Privacy spans verbal, paper, and electronic information. A hallway conversation, a printer tray, a misrouted fax, an email, a coding worksheet, or a screenshot can all disclose PHI. The strongest exam answers protect the information first, limit disclosure to the minimum necessary, and route uncertainty to the privacy officer, HIM director, supervisor, or compliance line rather than guessing.

Covered entities, business associates, and patient rights

The CCA exam expects you to know who HIPAA regulates. A covered entity is a health plan, a health care clearinghouse, or a health care provider that transmits health information electronically (the hospital or clinic where the coder works). A business associate is an outside vendor that creates, receives, maintains, or transmits PHI on the covered entity's behalf — for example, an outsourced coding company, a release-of-information vendor, or a cloud EHR host. Business associates must sign a business associate agreement (BAA) and are directly liable under HIPAA.

A scenario describing a contractor handling PHI without a signed BAA is a compliance gap.

Patients hold enforceable rights that drive many scenario answers: the right to access and obtain a copy of their record (a provider must act within 30 days), the right to request an amendment, the right to an accounting of disclosures outside TPO, the right to request restrictions and confidential communications, and the right to receive the Notice of Privacy Practices (NPP).
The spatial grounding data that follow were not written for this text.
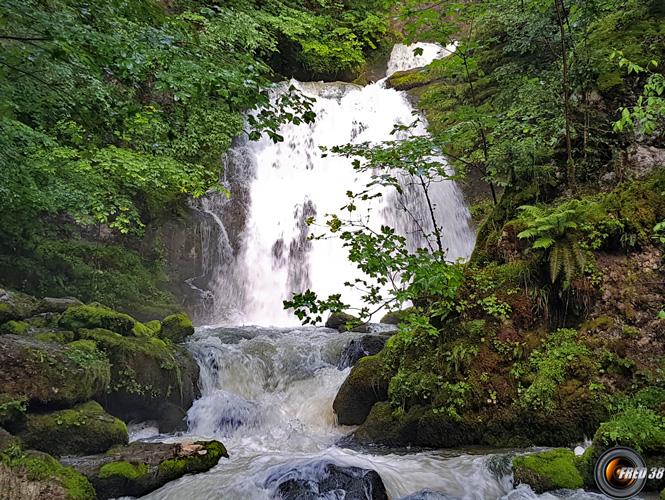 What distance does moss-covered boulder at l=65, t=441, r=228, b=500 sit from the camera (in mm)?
4895

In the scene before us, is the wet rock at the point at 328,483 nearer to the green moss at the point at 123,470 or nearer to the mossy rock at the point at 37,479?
the green moss at the point at 123,470

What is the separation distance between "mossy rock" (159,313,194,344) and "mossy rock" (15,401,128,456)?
3601 mm

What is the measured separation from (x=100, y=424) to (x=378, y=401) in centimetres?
377

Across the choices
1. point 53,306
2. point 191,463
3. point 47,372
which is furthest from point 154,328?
point 191,463

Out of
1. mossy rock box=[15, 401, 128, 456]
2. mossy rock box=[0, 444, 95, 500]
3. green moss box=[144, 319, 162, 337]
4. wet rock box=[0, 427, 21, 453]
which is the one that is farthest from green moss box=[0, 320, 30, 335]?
mossy rock box=[0, 444, 95, 500]

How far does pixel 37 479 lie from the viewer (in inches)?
174

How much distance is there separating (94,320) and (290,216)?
9.74 meters

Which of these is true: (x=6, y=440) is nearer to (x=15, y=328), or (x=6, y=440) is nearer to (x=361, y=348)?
(x=15, y=328)

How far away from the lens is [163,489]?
4.93 meters

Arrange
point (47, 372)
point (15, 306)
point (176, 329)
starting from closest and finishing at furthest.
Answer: point (47, 372) < point (15, 306) < point (176, 329)

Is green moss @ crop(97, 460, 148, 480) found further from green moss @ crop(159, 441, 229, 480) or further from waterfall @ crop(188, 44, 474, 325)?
waterfall @ crop(188, 44, 474, 325)

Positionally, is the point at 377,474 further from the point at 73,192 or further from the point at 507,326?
the point at 73,192

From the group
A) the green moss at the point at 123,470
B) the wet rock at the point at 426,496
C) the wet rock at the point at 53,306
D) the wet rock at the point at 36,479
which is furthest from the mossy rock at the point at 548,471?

When a question describes a patient asking for their own information, minimum necessary does not limit it and the access request process applies.

How the exam frames Domain 6

Domain 6, Compliance, includes privacy, security, and confidentiality and is weighted heavily on the 105-question CCA exam. Questions are scenario-based: they describe a workplace event and ask for the best first action. The pattern that earns points is consistent — identify whether a permitted purpose (TPO, authorization, required disclosure) exists, protect the PHI, apply the stricter rule when one exists, and escalate uncertainty through policy. Watch for distractors that sound helpful but bypass the privacy officer, disclose from memory, or rely on personal judgment about whether a rule applies.

The penalties behind these rules are real: civil money penalties scale by culpability tier, and willful neglect can reach into the millions, while criminal violations for selling PHI carry prison time.

Worked example

A coder is assigned to finalize the codes on a surgical inpatient stay. While reviewing the operative report, the coder notices the patient is a coworker from another department. Nothing in the chart is needed beyond the operative and pathology documentation, and the coworker's status is obvious. What is the HIPAA-correct sequence? First, the coder confirms a legitimate purpose exists — the encounter is assigned for coding under payment, so accessing the needed documents is permitted. Second, the coder limits review to the documents that support code assignment, ignoring unrelated visits.

Third, the coder does not mention the coworker's admission to anyone, because the diagnosis and even the fact of admission are PHI. Finally, if the coder feels uncomfortable coding a known person, the right move is to ask the supervisor to reassign, not to abandon the task or discuss it. This single scenario touches permitted access, minimum necessary, confidentiality of verbal information, and escalation — the exact blend Domain 6 tests.